(Problem requirements):
Once you reach the line with "Bathroom, Dual Sink Vanities, Interior", copy it and every line after it exactly, up to the end of the data. Omit the pictures.

[Data entries]
=== Section Start ===

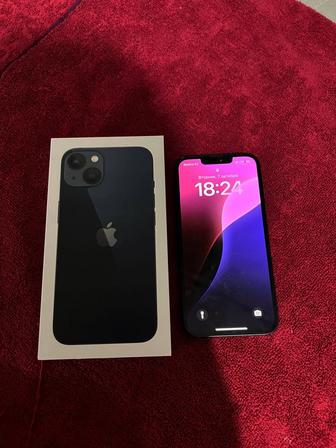 Продам Айфон 13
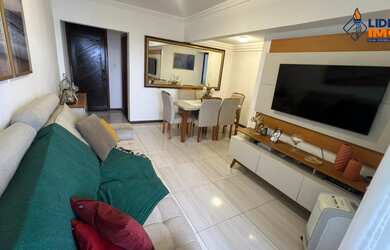 Imagem: O apartamento possui 4 Dormitórios, 1 Suíte, 2 Banheiros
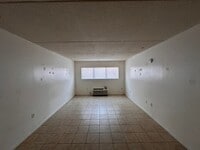 Building Photo - 1 Bedroom Condo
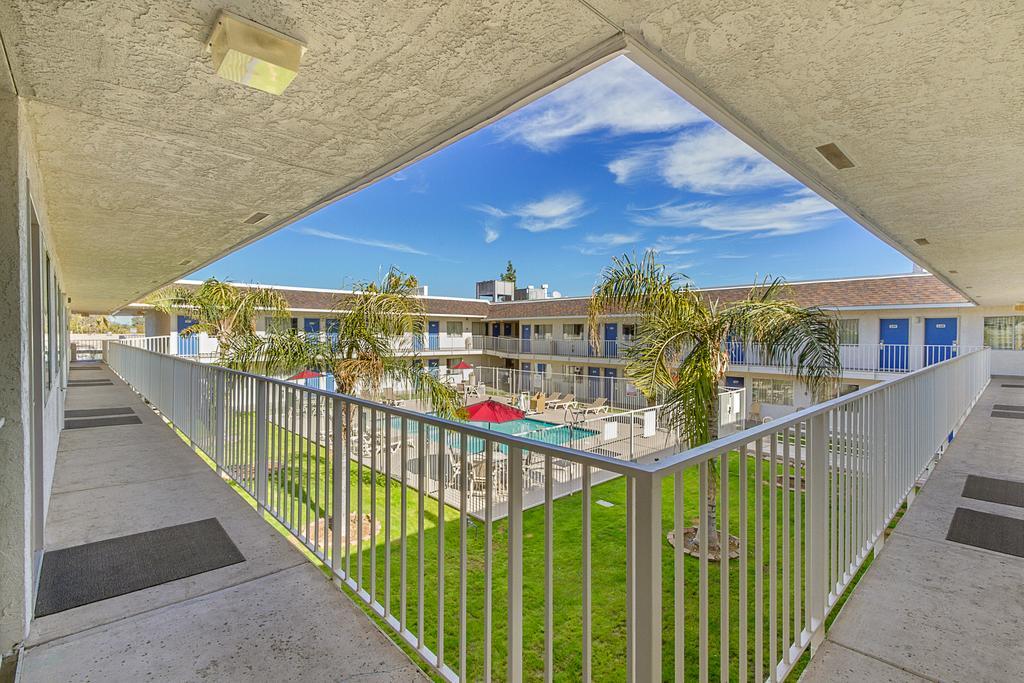 Motel 6-Phoenix, Az - North Bell Road Dış mekan fotoğraf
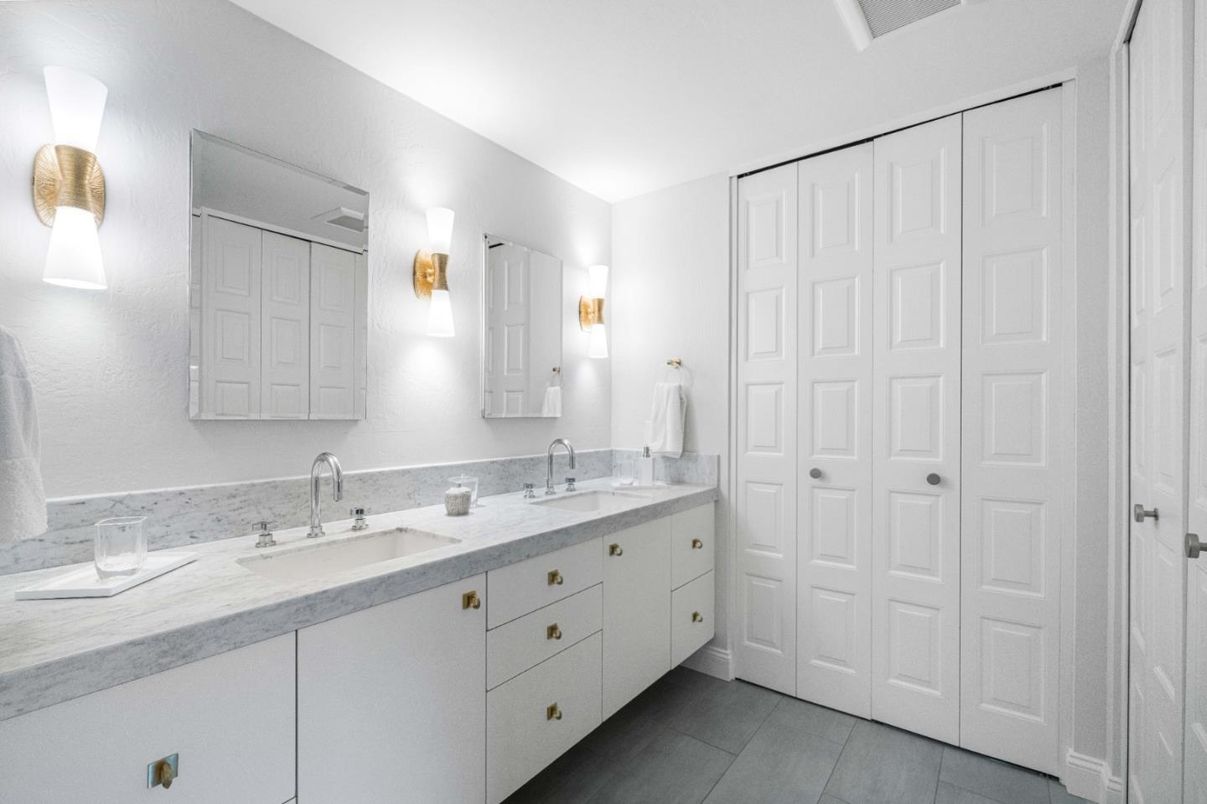 Bathroom, Dual Sink Vanities, Interior
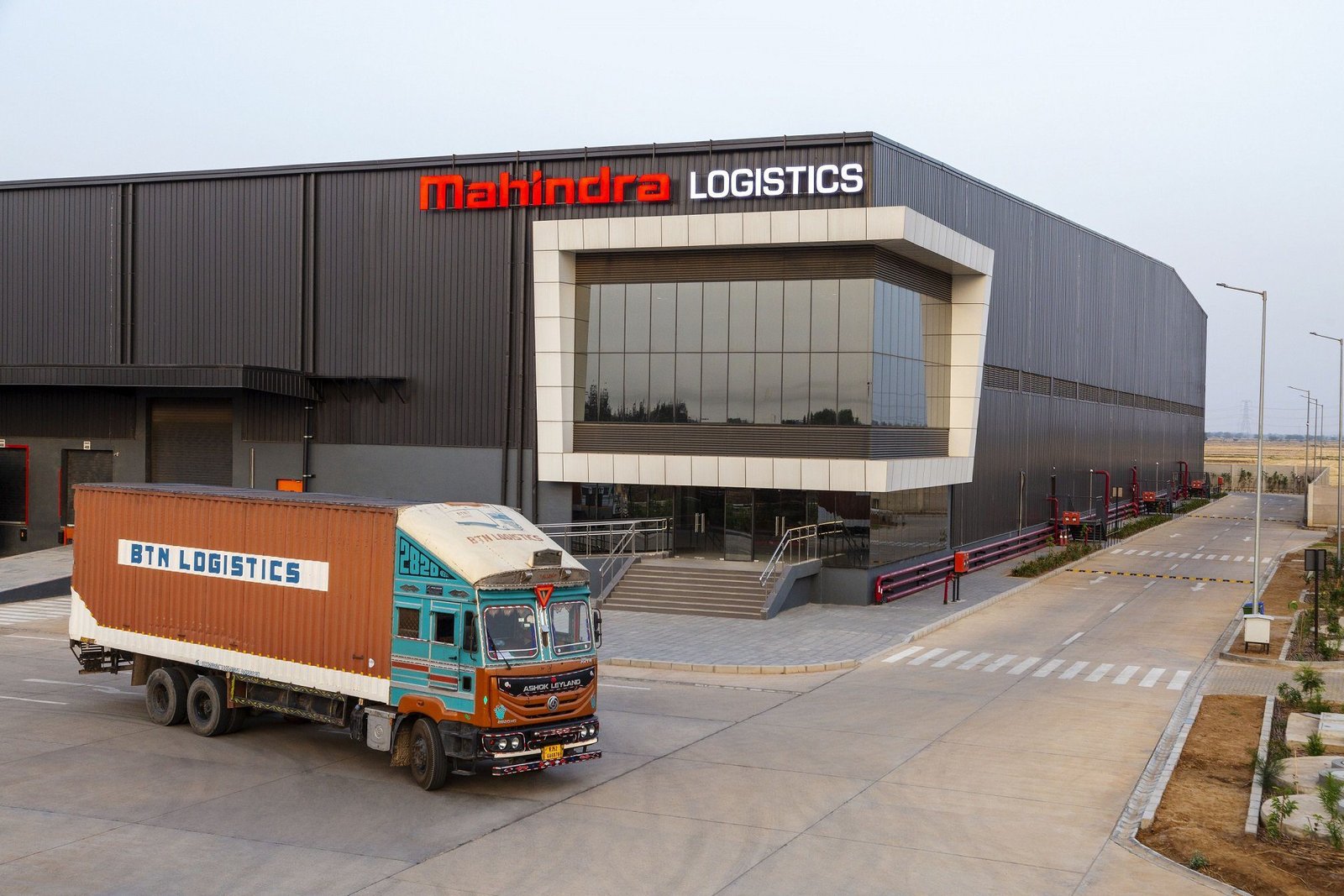 Mahindra Logistics Partners with Sangti Solutions for Carbon Emission Reduction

=== Section End ===

(Response area):
 Bathroom, Dual Sink Vanities, Interior
 Mahindra Logistics Partners with Sangti Solutions for Carbon Emission Reduction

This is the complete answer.